- Born: Janice Winmill Bognor Regis, Sussex, England
- Occupation: Actor
- Years active: 1970–present

= Sammie Winmill =

British actress (born 1948)

Sammie Winmill (born Janice Winmill c1950) is a British actress who had a number of roles in the 1970s, and is best known for portraying Carol in the Sci-fi series The Tomorrow People.

== Career ==
Her first noted appearance was alongside Ronnie Barker in the comedy Futtock's End in 1970. Following small roles with Frankie Howerd in the films of Up Pompeii and Up the Chastity Belt (1971) she secured a regular part in the sitcom Doctor in Charge in 1972 playing Nurse Sandra Crumpton. This role ran for six episodes of the first series. Soon after she appeared as Gretel in the 1972 film The Pied Piper starring Donovan.

In 1973 she was offered the role of Carol in a new children's science-fiction series, The Tomorrow People. Winmill played the role throughout the thirteen episodes of the first series but declined to continue in the part, despite being offered a three-year contract.
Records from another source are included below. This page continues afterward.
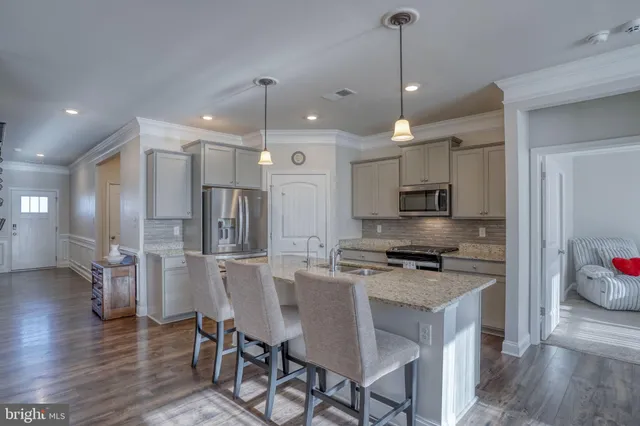 a kitchen with stainless steel appliances kitchen island granite countertop a stove a refrigerator a oven a sink with island and chairs with wooden floor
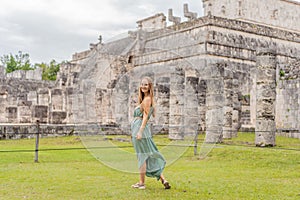 Beautiful tourist woman observing the old pyramid and temple of the castle of the Mayan architecture known as Chichen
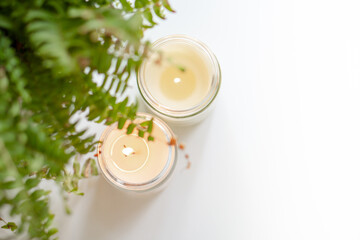 Create a visually appealing candle display with ferns for a harmonious, serene home decor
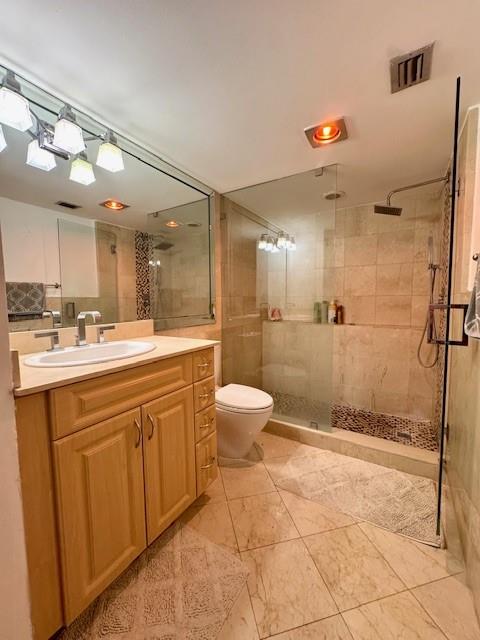 1540 Northeast Quayside Terrace, Unit D1 Miami, FL 33138 - Photo 19 of 45 a bathroom with a sink a toilet and a shower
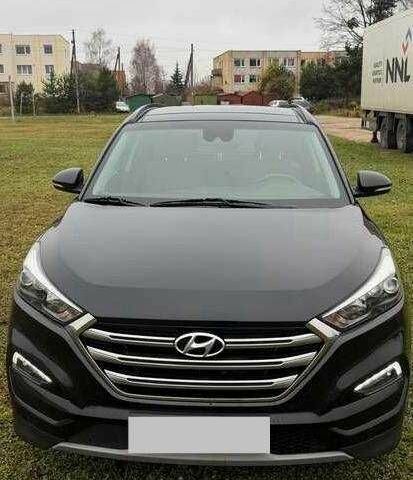 Черный Хендай Туксон, объемом двигателя 1.6 л и пробегом 65 тыс. км за 12600 $, фото 2 на Automoto.ua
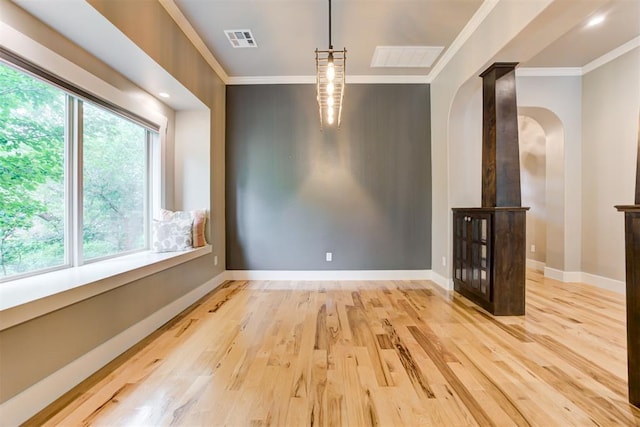 7600 Walk In The Park Dr, Edmond, OK 73034 - spare room with arched walkways, crown molding, and wood finished floors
This was mainly due to her fear of being typecast and wanting to do more stage work, although the actress now believes that she quit the role too early.
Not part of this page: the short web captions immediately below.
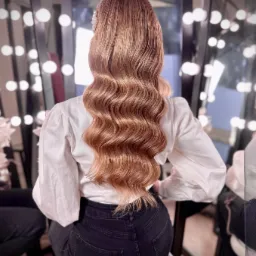 Widok z tyłu na długie, falowane, miedziano-blond włosy z ozdobą z pereł, biała bluzka z bufiastymi rękawami, czarne dżinsy, w tle lustro z oświetleniem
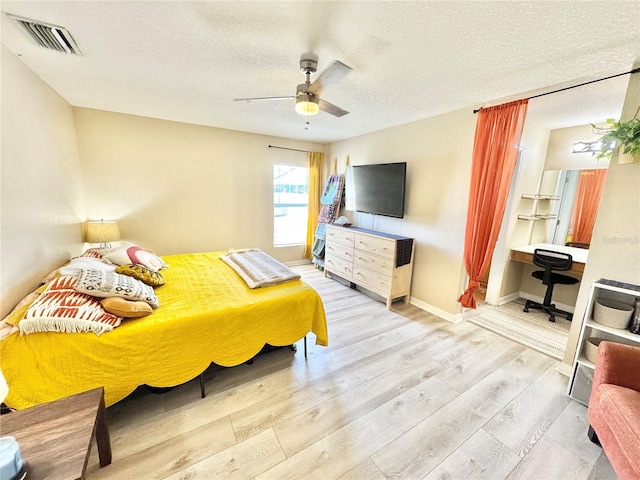 8307 Glover Ave, North Port, FL 34291 - bedroom featuring visible vents, baseboards, ceiling fan, a textured ceiling, and wood finished floors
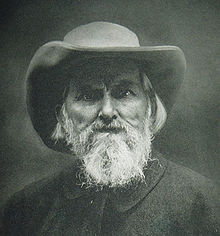 Portrait en noir et blanc d'un homme avec une barbe blanche et un chapeau aux bords larges.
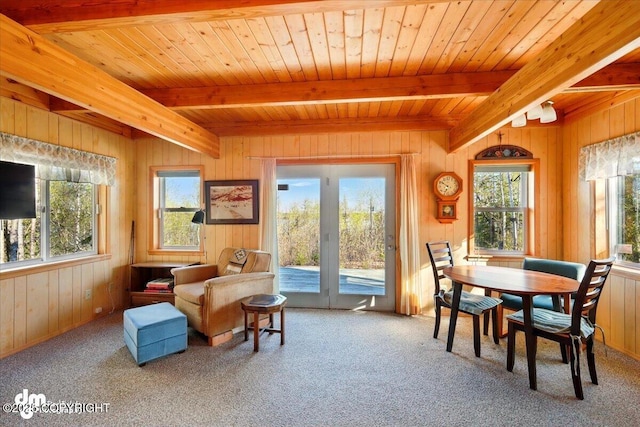 8266 S Big Lake Rd, Big Lake, AK 99652 - living area featuring beam ceiling, wooden walls, carpet flooring, and wood ceiling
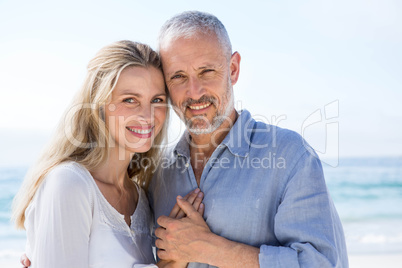 Happy couple hugging each other and looking at camera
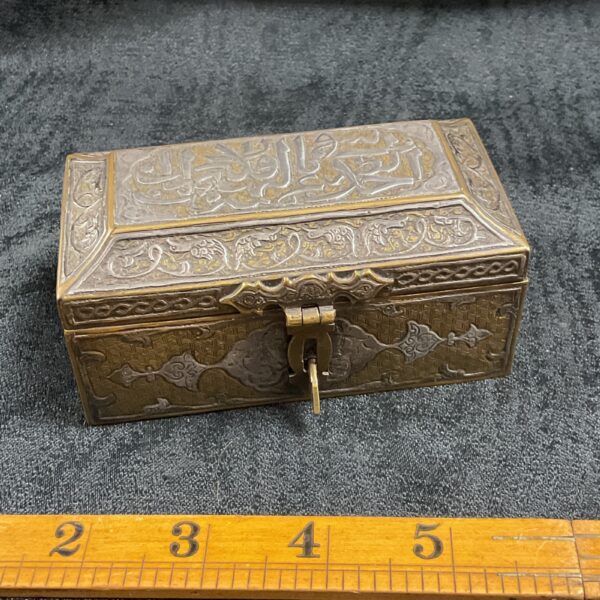 Antique Islamic trinket box with silver inlay, detailed floral patterns.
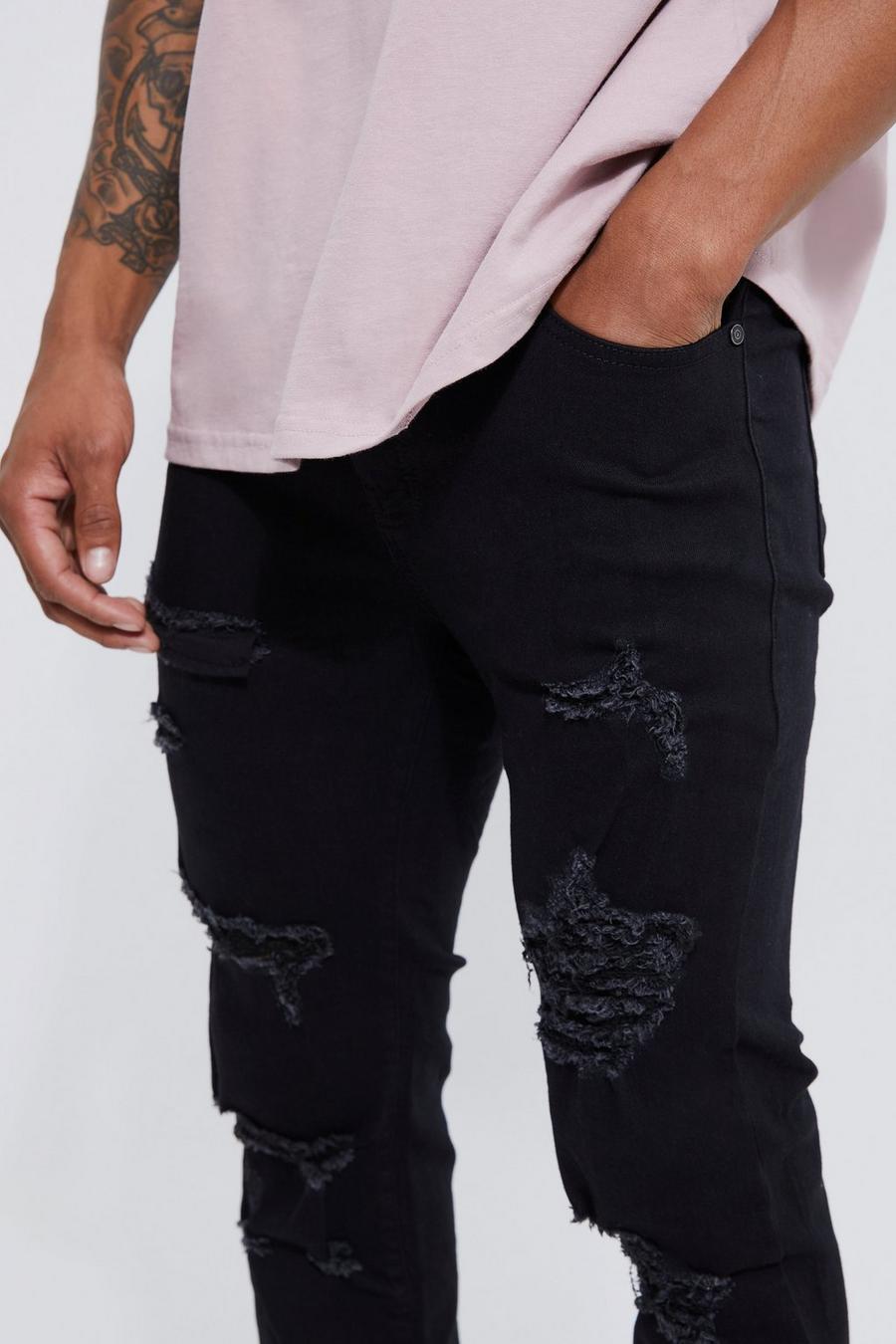 czarne spodnie jeans dziury przetarcia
Winmill went on to do much theatre work over the next few years before landing another regular television role in The Duchess of Duke Street in 1976. She played the part of Ethel for eleven episodes until 1977. She also appeared in an episode of The Professionals, but by the early 1980s she had decided to retire from the industry.

Over the next few years, Winmill became involved in other activities such as folk singing (she also plays guitar) and joined the Template Foundation. She also organises drama and dance workshops specifically for women with an emphasis on spiritual well-being. In the late 1990s she made a return to acting, appearing in a one-woman show which she wrote herself and starred in a number of science-fiction audio drama CDs.